PROBLEM DETAILS. Filter the data below, keeping only lines that contain "Shorts".

Stored items
============================================================
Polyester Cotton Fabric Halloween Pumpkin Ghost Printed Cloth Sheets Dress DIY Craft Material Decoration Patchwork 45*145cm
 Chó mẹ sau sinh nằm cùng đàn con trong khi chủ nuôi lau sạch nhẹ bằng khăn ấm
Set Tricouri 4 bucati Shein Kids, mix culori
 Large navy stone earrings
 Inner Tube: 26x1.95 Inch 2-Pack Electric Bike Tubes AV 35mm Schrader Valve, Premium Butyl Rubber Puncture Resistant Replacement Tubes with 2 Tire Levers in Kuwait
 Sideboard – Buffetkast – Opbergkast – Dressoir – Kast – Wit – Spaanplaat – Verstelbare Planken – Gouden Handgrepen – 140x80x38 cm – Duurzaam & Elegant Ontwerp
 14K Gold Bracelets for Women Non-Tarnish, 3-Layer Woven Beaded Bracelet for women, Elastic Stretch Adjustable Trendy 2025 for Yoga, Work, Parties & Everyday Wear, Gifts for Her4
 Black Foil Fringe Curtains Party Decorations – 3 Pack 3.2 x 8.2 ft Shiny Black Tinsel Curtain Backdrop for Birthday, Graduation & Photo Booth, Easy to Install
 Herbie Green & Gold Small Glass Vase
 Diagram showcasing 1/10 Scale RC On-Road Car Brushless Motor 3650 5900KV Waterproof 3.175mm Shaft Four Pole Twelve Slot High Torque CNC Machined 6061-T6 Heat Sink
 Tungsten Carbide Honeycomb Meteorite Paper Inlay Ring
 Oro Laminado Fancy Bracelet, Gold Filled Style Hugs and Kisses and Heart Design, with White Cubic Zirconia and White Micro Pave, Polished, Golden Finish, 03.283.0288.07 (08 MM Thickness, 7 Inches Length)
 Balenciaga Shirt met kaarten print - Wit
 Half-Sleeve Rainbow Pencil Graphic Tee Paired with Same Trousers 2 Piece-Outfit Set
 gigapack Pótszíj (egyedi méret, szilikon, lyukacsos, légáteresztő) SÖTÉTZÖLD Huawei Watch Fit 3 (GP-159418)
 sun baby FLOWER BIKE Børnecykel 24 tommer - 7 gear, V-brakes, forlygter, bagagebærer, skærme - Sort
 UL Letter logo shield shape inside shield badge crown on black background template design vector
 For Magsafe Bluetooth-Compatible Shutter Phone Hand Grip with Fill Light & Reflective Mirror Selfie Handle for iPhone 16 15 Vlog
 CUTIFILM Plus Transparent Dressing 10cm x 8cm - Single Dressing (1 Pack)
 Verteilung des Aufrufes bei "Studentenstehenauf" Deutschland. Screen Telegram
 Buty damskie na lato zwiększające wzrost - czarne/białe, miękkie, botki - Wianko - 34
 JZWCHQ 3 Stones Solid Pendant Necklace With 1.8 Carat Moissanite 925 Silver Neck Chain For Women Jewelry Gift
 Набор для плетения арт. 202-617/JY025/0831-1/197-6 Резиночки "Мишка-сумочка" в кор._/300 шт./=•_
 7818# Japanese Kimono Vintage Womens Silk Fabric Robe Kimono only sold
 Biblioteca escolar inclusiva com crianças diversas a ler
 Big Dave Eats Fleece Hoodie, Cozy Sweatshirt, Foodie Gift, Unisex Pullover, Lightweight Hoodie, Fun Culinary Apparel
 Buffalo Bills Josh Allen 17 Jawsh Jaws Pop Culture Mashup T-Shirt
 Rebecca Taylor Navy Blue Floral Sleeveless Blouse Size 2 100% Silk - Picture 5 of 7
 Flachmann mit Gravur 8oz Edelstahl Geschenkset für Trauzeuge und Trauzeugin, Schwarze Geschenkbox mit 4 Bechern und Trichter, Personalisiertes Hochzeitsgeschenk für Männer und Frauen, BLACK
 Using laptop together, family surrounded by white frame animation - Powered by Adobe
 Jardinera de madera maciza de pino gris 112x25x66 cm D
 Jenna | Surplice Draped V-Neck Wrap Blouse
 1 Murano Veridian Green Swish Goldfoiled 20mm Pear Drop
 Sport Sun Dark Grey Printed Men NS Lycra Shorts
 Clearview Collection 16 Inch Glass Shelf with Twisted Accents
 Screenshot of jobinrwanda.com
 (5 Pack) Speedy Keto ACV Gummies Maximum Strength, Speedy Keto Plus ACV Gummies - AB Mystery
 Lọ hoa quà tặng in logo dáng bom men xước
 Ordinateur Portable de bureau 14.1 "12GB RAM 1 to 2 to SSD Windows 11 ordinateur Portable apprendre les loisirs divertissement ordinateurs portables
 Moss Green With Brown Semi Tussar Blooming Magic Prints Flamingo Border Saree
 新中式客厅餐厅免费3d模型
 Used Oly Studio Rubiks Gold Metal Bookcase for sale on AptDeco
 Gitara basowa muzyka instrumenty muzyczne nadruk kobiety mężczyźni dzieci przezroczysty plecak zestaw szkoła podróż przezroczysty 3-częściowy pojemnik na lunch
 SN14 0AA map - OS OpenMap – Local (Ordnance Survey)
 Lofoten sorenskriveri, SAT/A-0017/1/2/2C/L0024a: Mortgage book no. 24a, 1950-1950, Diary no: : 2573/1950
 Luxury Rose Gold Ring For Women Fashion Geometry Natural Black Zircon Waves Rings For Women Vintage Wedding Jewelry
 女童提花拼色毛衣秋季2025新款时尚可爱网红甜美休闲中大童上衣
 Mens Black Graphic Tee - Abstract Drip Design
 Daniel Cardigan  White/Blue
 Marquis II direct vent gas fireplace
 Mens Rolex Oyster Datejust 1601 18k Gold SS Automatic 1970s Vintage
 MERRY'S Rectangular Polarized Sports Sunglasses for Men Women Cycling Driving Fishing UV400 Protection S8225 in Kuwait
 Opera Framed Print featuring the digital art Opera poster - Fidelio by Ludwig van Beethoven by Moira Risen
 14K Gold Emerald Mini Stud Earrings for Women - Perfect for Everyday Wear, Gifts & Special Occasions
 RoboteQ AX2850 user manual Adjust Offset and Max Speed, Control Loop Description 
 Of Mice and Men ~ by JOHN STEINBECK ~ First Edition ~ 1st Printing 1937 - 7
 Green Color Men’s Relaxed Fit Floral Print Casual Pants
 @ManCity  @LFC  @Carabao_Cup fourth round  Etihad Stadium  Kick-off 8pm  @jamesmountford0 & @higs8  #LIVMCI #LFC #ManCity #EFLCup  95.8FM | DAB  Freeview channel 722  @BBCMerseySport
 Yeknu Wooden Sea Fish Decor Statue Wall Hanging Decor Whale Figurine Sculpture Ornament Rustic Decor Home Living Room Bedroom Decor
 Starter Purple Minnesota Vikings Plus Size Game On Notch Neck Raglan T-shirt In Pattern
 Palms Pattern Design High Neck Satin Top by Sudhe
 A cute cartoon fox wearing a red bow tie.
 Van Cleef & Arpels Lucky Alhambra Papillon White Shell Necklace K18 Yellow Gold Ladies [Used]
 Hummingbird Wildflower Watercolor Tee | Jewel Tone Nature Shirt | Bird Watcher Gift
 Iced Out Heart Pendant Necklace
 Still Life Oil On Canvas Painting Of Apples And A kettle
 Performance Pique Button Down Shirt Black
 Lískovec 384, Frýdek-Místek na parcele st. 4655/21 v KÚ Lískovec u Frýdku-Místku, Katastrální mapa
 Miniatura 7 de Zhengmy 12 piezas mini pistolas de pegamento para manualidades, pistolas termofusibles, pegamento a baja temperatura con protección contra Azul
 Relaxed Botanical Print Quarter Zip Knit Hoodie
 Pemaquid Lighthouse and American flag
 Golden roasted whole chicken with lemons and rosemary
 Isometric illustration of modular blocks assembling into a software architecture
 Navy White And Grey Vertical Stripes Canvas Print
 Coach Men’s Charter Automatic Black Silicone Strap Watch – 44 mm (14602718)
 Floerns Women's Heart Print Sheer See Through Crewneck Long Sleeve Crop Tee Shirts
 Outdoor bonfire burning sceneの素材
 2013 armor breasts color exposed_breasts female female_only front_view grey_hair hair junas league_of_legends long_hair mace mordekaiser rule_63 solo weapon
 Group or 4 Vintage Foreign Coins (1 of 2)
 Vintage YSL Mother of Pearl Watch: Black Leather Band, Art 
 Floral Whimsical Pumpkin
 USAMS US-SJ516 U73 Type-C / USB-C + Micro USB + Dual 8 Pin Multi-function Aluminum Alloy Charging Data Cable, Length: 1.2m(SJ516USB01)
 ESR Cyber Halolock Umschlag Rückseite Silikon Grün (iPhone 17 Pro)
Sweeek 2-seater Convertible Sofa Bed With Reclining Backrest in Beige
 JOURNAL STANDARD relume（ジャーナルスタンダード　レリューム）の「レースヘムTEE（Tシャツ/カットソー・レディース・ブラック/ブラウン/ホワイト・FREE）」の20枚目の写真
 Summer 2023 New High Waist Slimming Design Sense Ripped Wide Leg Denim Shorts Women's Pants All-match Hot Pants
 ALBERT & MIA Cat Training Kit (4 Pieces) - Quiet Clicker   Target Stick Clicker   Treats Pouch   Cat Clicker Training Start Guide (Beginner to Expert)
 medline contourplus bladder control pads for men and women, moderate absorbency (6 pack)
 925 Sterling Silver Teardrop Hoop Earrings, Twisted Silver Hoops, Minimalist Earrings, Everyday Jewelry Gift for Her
============================================================
RESPONSE BOX.
 Sport Sun Dark Grey Printed Men NS Lycra Shorts
 Summer 2023 New High Waist Slimming Design Sense Ripped Wide Leg Denim Shorts Women's Pants All-match Hot Pants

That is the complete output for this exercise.